**Task prompt:**
Your task is to reproduce, verbatim and without pictures, the lines from the opening of the listing through the line containing "Hochbett, 90x200 cm, Ohne".

====

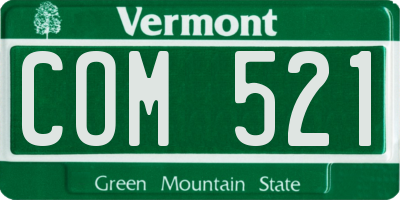 VT license plate COM521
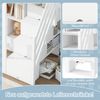 Hochbett, 90x200 cm, Ohne Matratze, Geländer, Schreibtisch, Schubladen, Offener Stauschrank, Verstaubare Trittleiter, Mehrere Einlegeböden, EN 747 zertifiziert, Weiß Bild 4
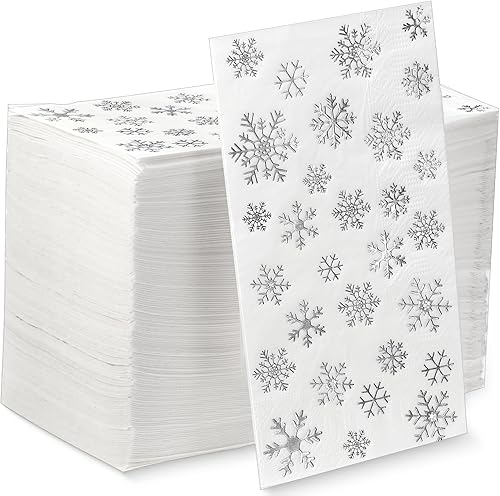 Miniatura 1 de 150 servilletas de copo de nieve de Navidad de 3 capas desechables de papel para invitados, servilletas para baño, Navidad, vacaciones, boda,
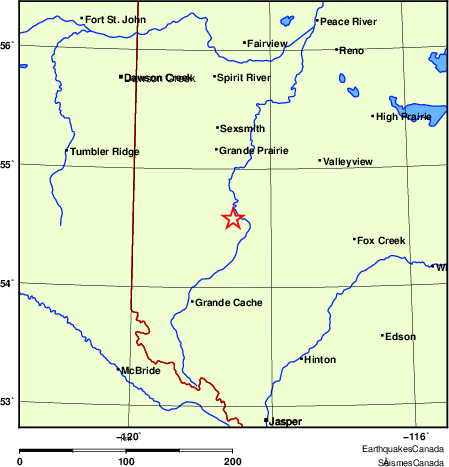 Map of Earthquake Localities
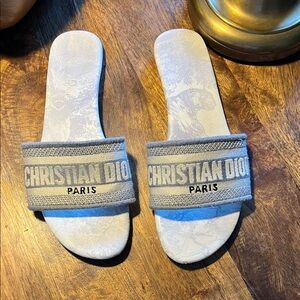 Dior Gray Slide Sandals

====

**Task response:**
 VT license plate COM521
 Hochbett, 90x200 cm, Ohne Matratze, Geländer, Schreibtisch, Schubladen, Offener Stauschrank, Verstaubare Trittleiter, Mehrere Einlegeböden, EN 747 zertifiziert, Weiß Bild 4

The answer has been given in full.